In the King James Version of the Bible the text reads:
I indeed baptize you with water unto
repentance. but he that cometh after
me is mightier than I, whose shoes I
am not worthy to bear: he shall baptize
you with the Holy Ghost, and with fire:

The New International Version translates the passage as:
"I baptize you with water for repentance.
But after me will come one who is more
powerful than I, whose sandals I am not
fit to carry. He will baptize you
with the Holy Spirit and with fire.

The 1881 Westcott-Hort Greek text is:
εγω μεν υμας βαπτιζω εν υδατι εις μετανοιαν
ο δε οπισω μου ερχομενος ισχυροτερος μου εστιν
ου ουκ ειμι ικανος τα υποδηματα βαστασαι αυτος υμας
βαπτισει εν πνευματι αγιω και πυρι

For a collection of other versions see BibleHub Matthew 3:11

==Analysis==
This verse corresponds with the Gospel of Mark for the first time since Matthew 3:6, being mirrored by Mark 1:7 and 8. This verse is also found in Luke at Luke 3:16; however the context there is somewhat different. In Luke, John is addressing a receptive multitude; in Matthew it is assumed he is still speaking to the Pharisees and Sadducees introduced in Matthew 3:7. Schweizer notes that despite this, the verse is still written as though it is addressing all Israel. Matthew has also entirely skipped the content found in . This is understandable as the response from the crowd is not in keeping with the hostile and unrepentant Pharisees and Sadducees.

France notes that the word translated as after is not chronological, rather it means the one who is a follower or disciple. This links in with the reference to shoes. At the time the disciple of a Rabbi would be expected to perform menial chores. However shoes, a word perhaps better translated as sandals, were considered unclean, a tradition that persists in the Middle East today. Thus the disciple would not deal with them, and such a task would be left to the lowest slave. Thus John the Baptist is presenting himself as very lowly indeed. Matthew slightly differs from the wording found in Luke and Mark. In those two gospels, John is not worthy of untying the messiah's sandals, in Matthew he is unworthy of carrying them.

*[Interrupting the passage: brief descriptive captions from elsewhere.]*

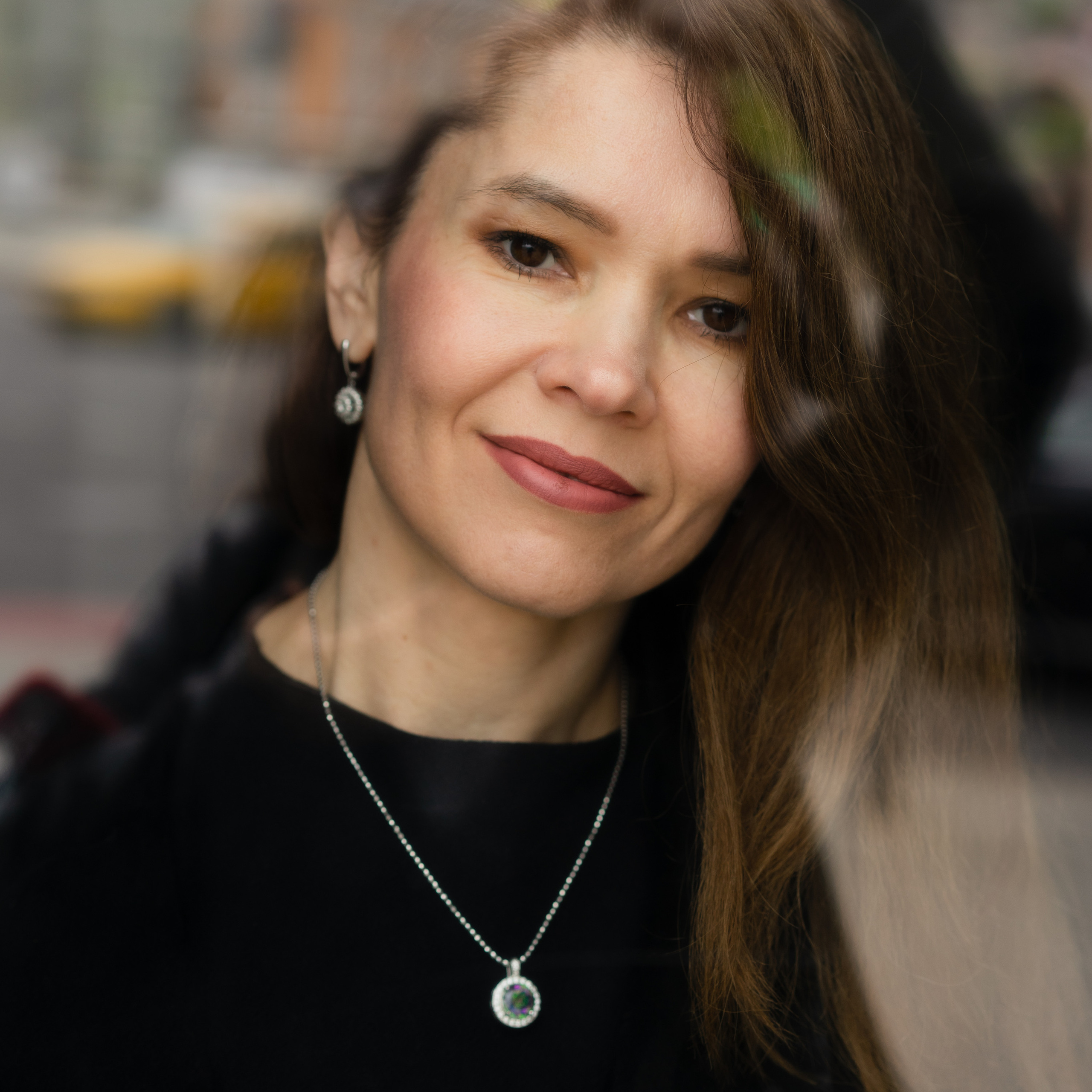 Отзывы. Фотограф Москва Илюткина Евгения ilutkina.evgenia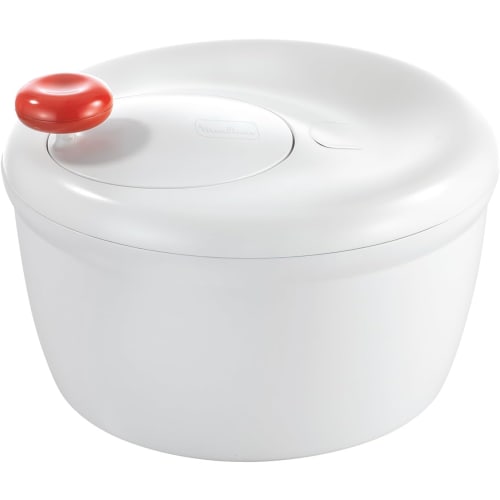 Moulinex Essoreuse Salade Essorage Facile Rapide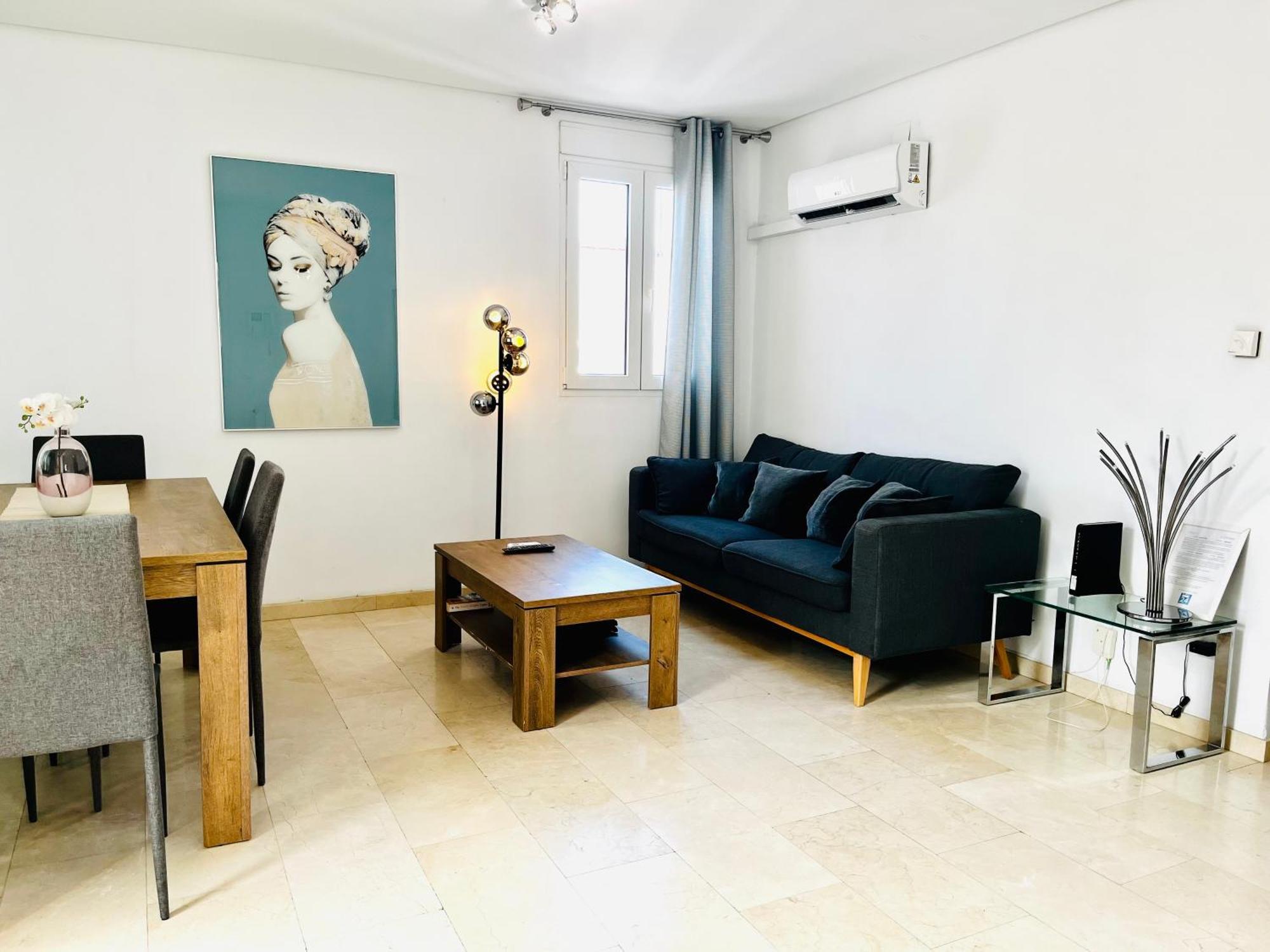 Travel Habitat Ático Calle Comedias Apartamento Valência Exterior foto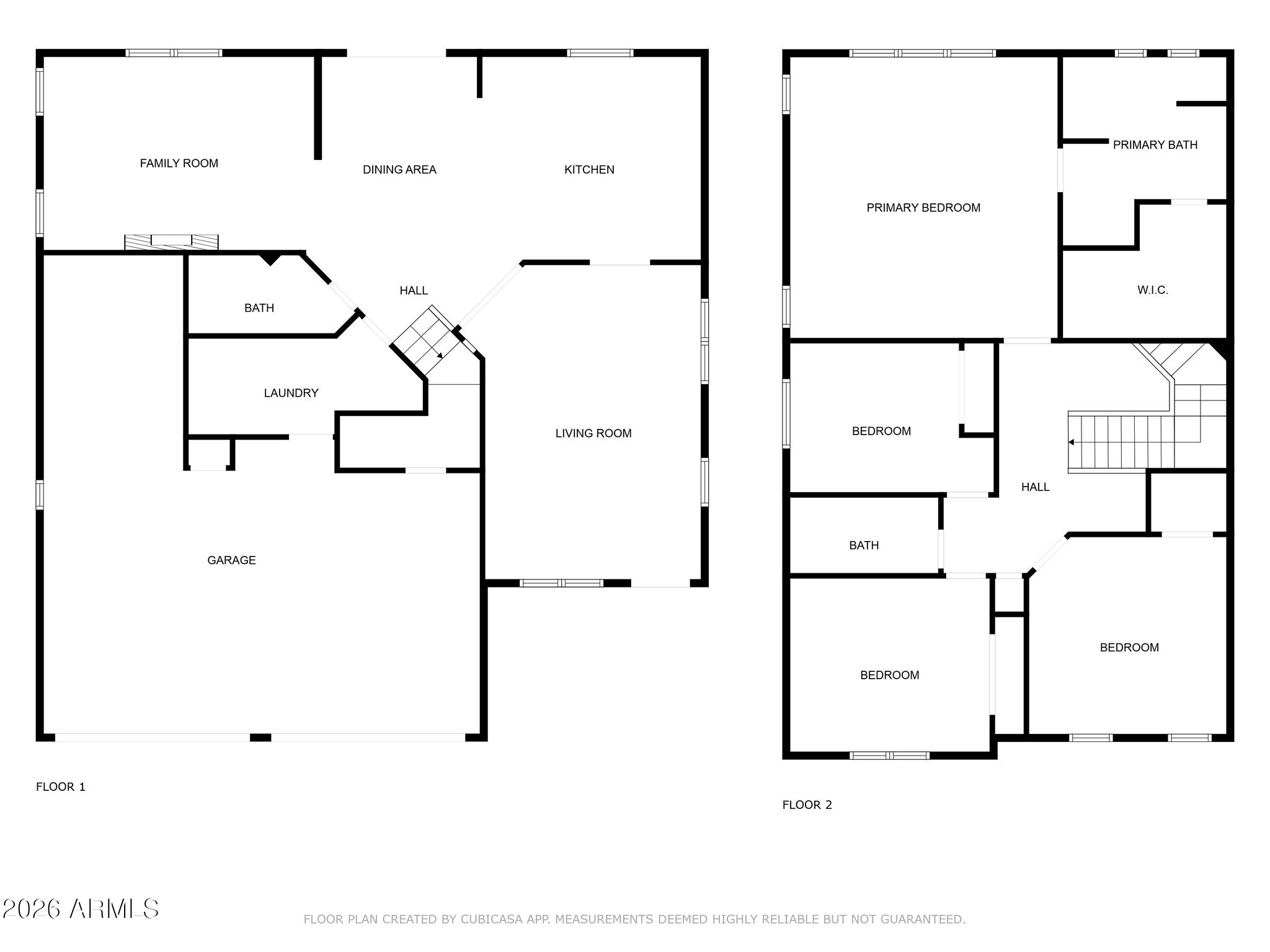 2985 W GOLDMINE MOUNTAIN Drive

John predicts a much stronger form of baptism by the Holy Spirit and by fire. It is from this verse that the expression "baptism by fire" comes. Hill notes for many years scholars felt that linking the Holy Spirit with fire, a symbol of God's wrath, clashed with the portrayal of the Spirit elsewhere in the New Testament, which saw it as a purely loving and helpful force incompatible with a destructive judgement. A number of theories were proposed to address this, some translations dropped the word fire to create a less destructive image. Another option is that Holy Spirit should actually read wind, as the same word can be used for wind and spirit in Greek. This would also link it to the next verse. This all changed with the discovery of the Dead Sea Scrolls found at Qumran, near where John the Baptist was said to be preaching. In a number of the texts, the Holy Spirit is linked to God's wrath and judgement leading most scholars to include that the wording here is original and that there were different views of the Holy Spirit circulating in the first century. Nolland notes that many scholars have attempted to use this verse as evidence for the Christian baptism ritual, but he does not believe that Jesus' baptism by fire and holy spirit can be so linked.

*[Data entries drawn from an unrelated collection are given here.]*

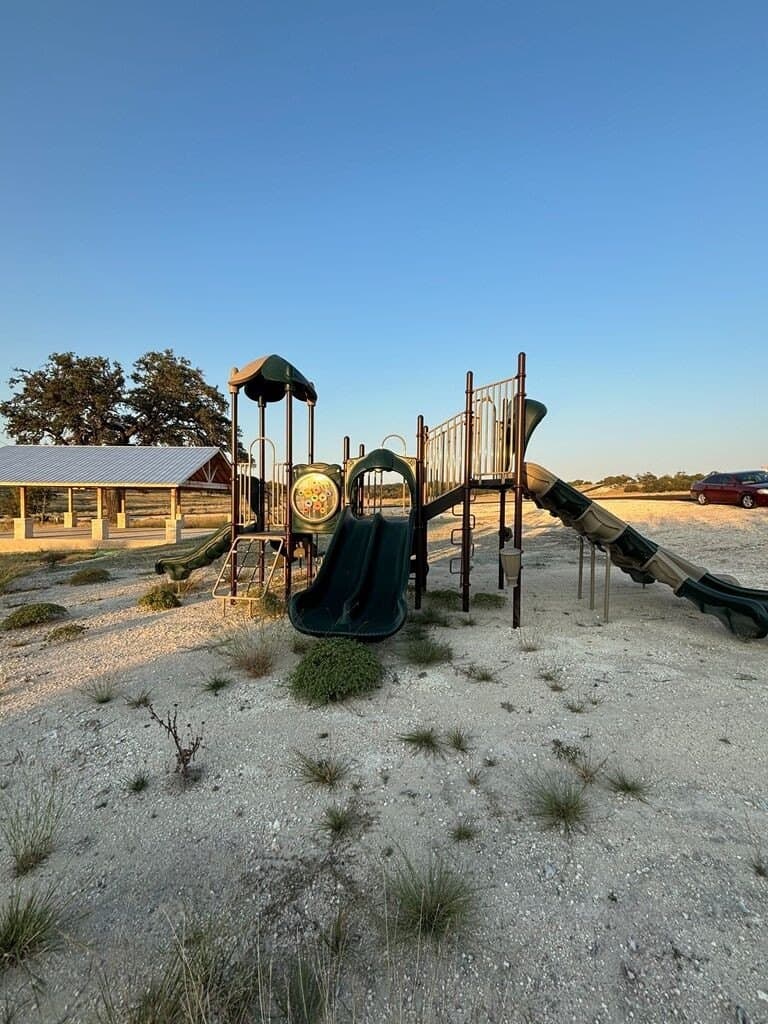 3.48 acres in Gillespie County - photo 20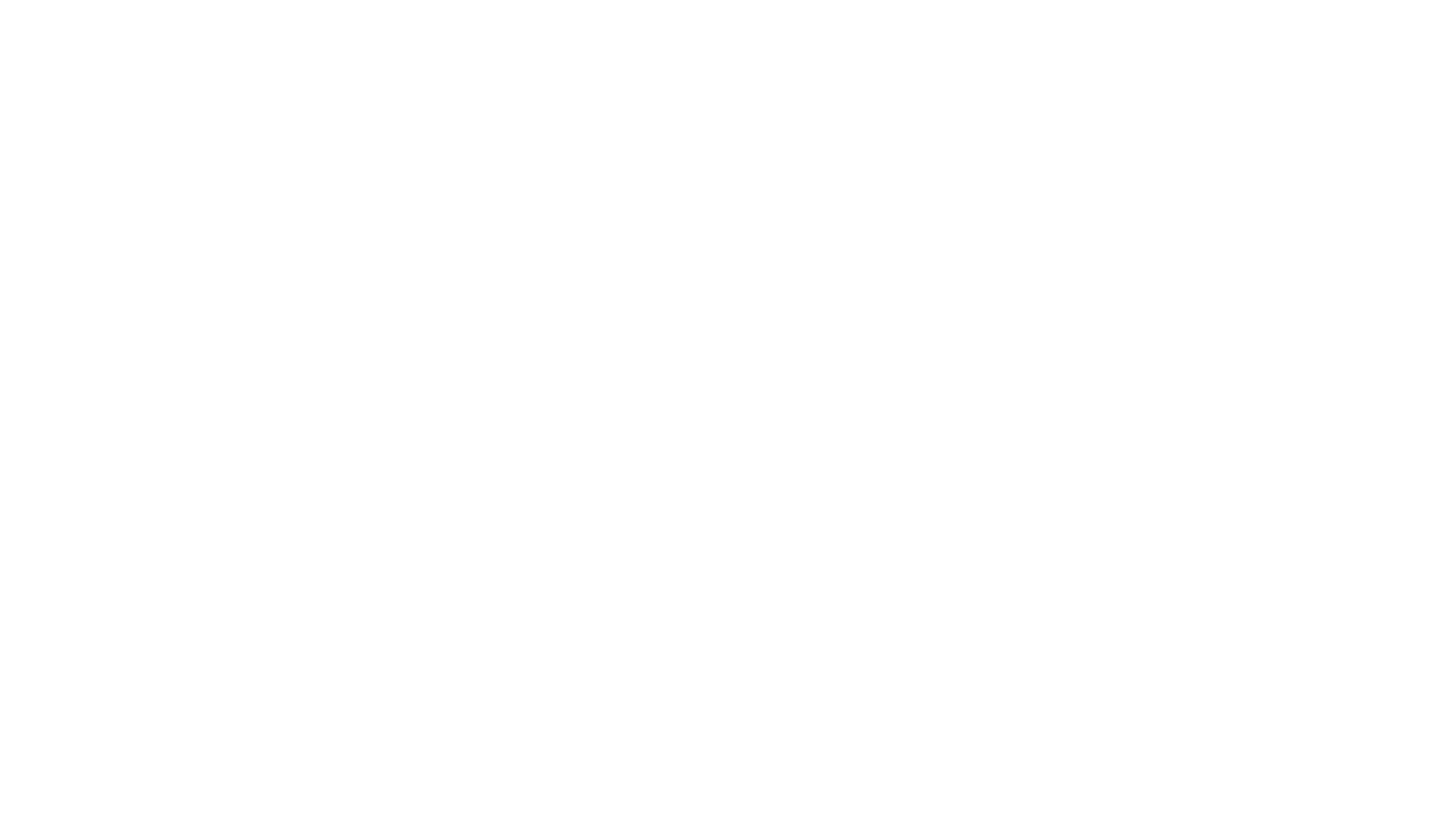 オルパスサポート
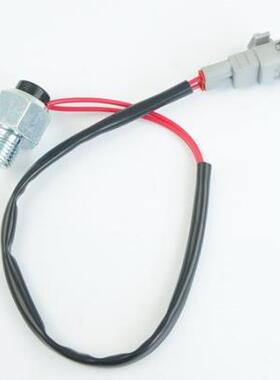 厂家直销37680-76J01刹车开关传感器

Whether the more powerful one coming after is a reference to God or Jesus is a matter of debate. After this verse, Jesus immediately enters the narrative, and the corporeal metaphor of carrying his shoes would seem to describe a human figure. On the other hand, this violent imagery contradicts the idea of the Messiah as a bringer of peace. Schnackenburg argues the wording in this passage is deliberately obscure between the two options.

Jerome comments on the Holy Spirit and fire aspect of this passage saying, "Either the Holy Ghost Himself is a fire, as we learn from the Acts, when there sat as it were fire on the tongues of the believers; and thus the word of the Lord was fulfilled who said, I am come to send fire on the earth, I will that it burn. (Luke 12:49.) Or, we are baptized now with the Spirit, hereafter with fire; as the Apostle speaks, Fire shall try every man’s work, of what sort it is. (1 Cor. 3:13.)"

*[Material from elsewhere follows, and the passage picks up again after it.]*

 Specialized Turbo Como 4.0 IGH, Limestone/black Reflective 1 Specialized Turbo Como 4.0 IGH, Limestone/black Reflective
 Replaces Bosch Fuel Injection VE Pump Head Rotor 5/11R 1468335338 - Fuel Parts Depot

Rabanus Maurus says, "As though he had said, I indeed am mighty to invite to repentance, He to forgive sins; I to preach the kingdom of heaven, He to bestow it; I to baptize with water, He with the Spirit."

==Textual witnesses==
Some early manuscripts containing the text of this verse are:
- Papyrus 101 (3rd century)
- Codex Vaticanus (~325–350)
- Codex Sinaiticus (~330–360)
- Codex Washingtonianus (~400)
- Codex Bezae (~400)
- Codex Ephraemi Rescriptus (~450)

==Commentary from the Church Fathers==
Glossa Ordinaria: As in the preceding words John had explained more at length what he had shortly preached in the words, Repent ye, so now follows a more full enlargement of the words, The kingdom of heaven is at hand.

Gregory the Great: John baptizes not with the Spirit but with water, because he had no power to forgive sins; he washes the body with water, but not at the same time the soul with pardon of sin.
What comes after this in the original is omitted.